Work required
Restate each entry exactly, without pictures.

Data extracted from a collection
* * * *

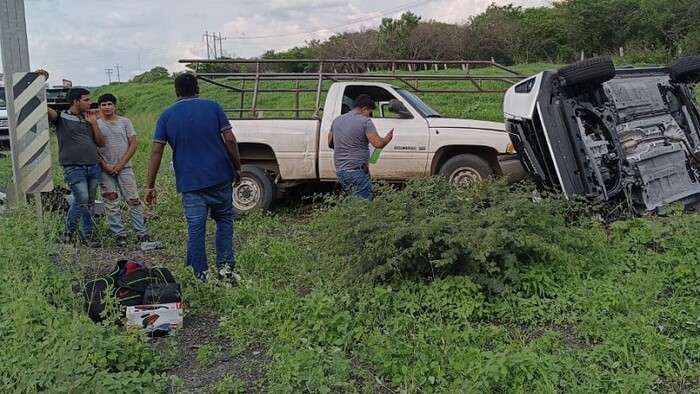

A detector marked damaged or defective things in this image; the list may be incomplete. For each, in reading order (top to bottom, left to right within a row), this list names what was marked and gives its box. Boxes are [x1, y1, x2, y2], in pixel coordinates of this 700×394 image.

overturned vehicle [506, 55, 700, 212]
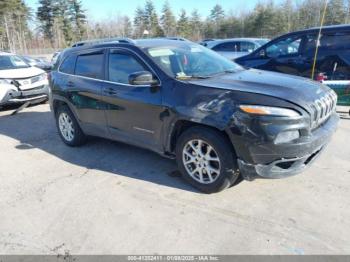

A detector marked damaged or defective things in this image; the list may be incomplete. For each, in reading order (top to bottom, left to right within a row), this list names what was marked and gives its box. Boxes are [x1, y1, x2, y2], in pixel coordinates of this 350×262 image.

damaged front bumper [0, 83, 49, 105]
crumpled hood [190, 68, 332, 111]
damaged front bumper [227, 110, 340, 180]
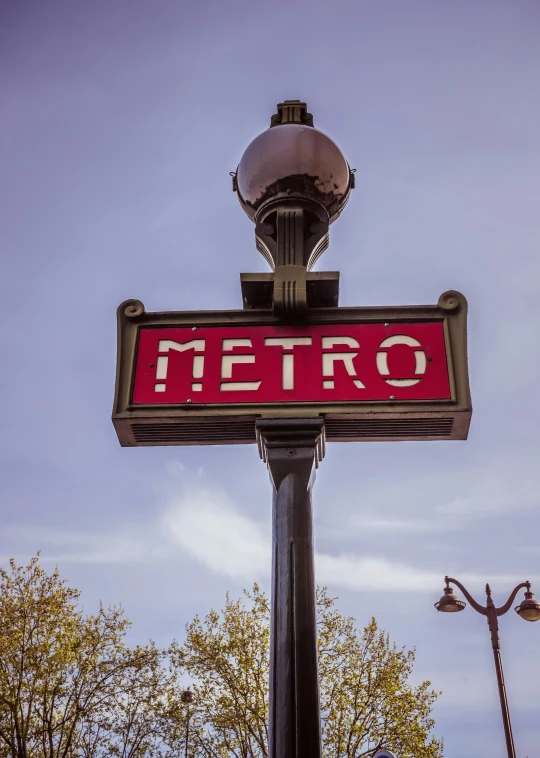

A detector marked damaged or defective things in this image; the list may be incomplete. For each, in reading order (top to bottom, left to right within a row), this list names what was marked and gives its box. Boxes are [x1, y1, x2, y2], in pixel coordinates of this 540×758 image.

* * * *

Task solution
A detector marked damaged or defective things in this image; the list may be incomplete. For each, in reading order (top to bottom, left to right within a row), this list names what was marked and gives its box. Boxes are [x1, y1, x2, y2], in pixel coordinates of this 700×394 image.

overturned vehicle [506, 55, 700, 212]

A detector marked damaged or defective things in this image; the list may be incomplete. For each, in reading order (top to bottom, left to right within a row), this list names what was marked and gives its box. Boxes are [x1, y1, x2, y2], in pixel coordinates of this 350×262 image.

damaged front bumper [0, 83, 49, 105]
crumpled hood [190, 68, 332, 111]
damaged front bumper [227, 110, 340, 180]

A detector marked damaged or defective things in this image; the list may be incomplete. For each, in reading order (top to bottom, left to right within a row), this list names what was marked and gives its box. Boxes are [x1, y1, x2, y2], in pixel coordinates of this 540×758 image.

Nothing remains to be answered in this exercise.